I am a Professor of Urban, Regional and International Economics at the Technical University of Dortmund, Germany.
My research interest lies in the areas of creative production and regional as well as international trade. My research has touched on several subfields of economics such as agglomeration of economic activity to migration, peer effects, innovation, auctions and art markets to international trade of goods and services, in particular, the role of virtual proximity for global integration. My most recent research projects deal with regional trade as well as historic creative production.
I am an empirical economist and I like working with novel datasets based on which a certain economic, cultural or societal aspect can be quantified and thereby understood better. I have published in journals such as the European Economic Review, Journal of International Money and Finance, Empirical Economics, Applied Economics Letters, and the Journal of Cultural Economics.
I received my PhD from Trinity College Dublin, Ireland, my M.A. from University College Dublin, Ireland, and my B.Sc. in Economics from the University of Maastricht, the Netherlands.
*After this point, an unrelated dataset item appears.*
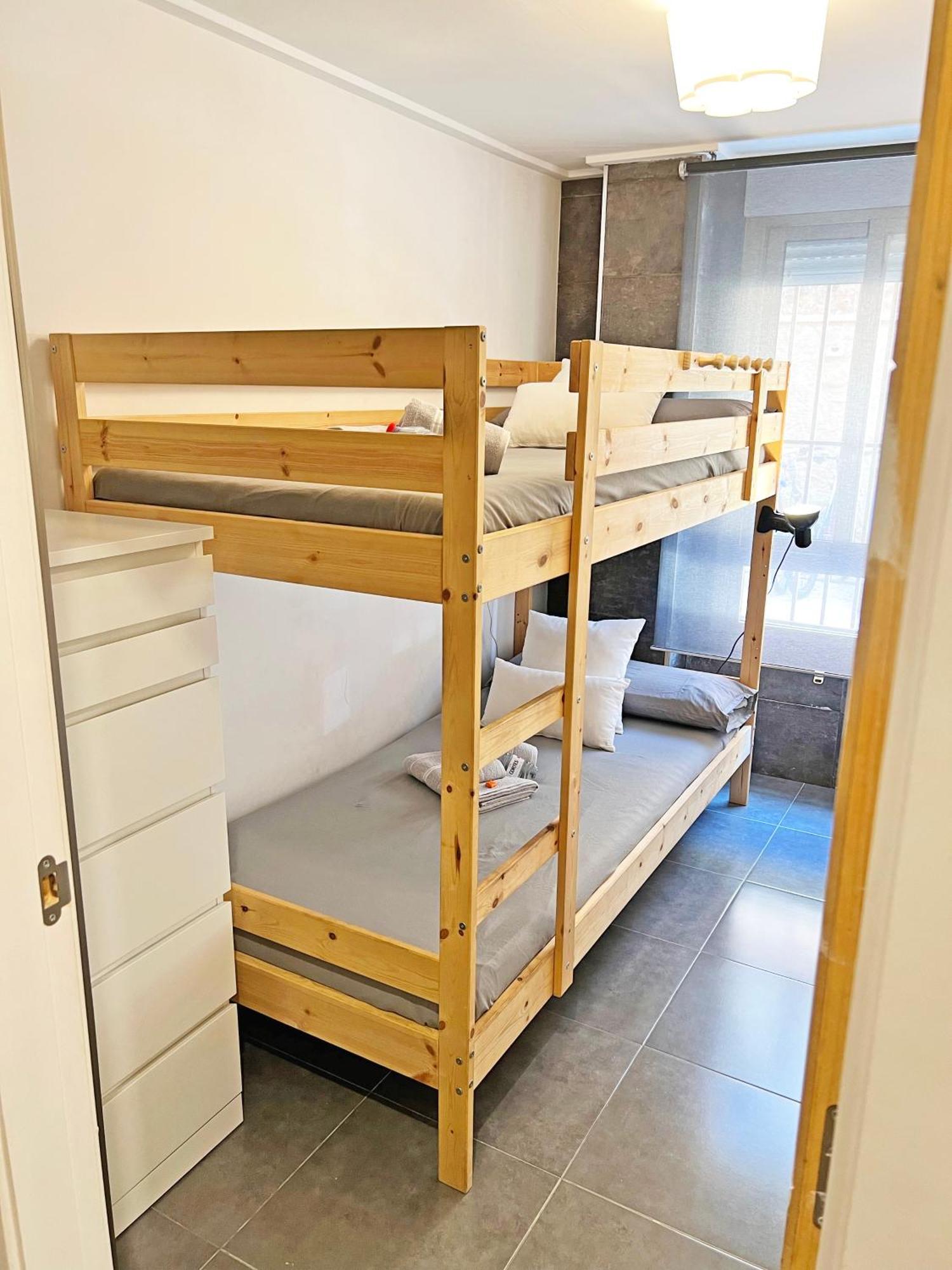Appartement A 150 Metros Del Mar, Parking Gratis, Ac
Before I was appointed to Dortmund I have been an Assistant Professor in the Department of Economics at the University of Hamburg, Germany and a Post-Doc at the University of Heidelberg.
My colleagues from Technical University Dortmund, the University of Duisburg-Essen and the Ruhr Universität Bochum and I have successfully acquired a major research grant by the German Research Foundation (DFG) for a doctoral research training group on “Regional Disparities and Economic Policy”.
I currently serve on the Board of the Association of Cultural Economics International and the academic advisory board of the Academy for Spatial Research and Planning (ARL)
Next to my research I greatly enjoy policy work on regional development and transformation, speaking engagements and mentoring.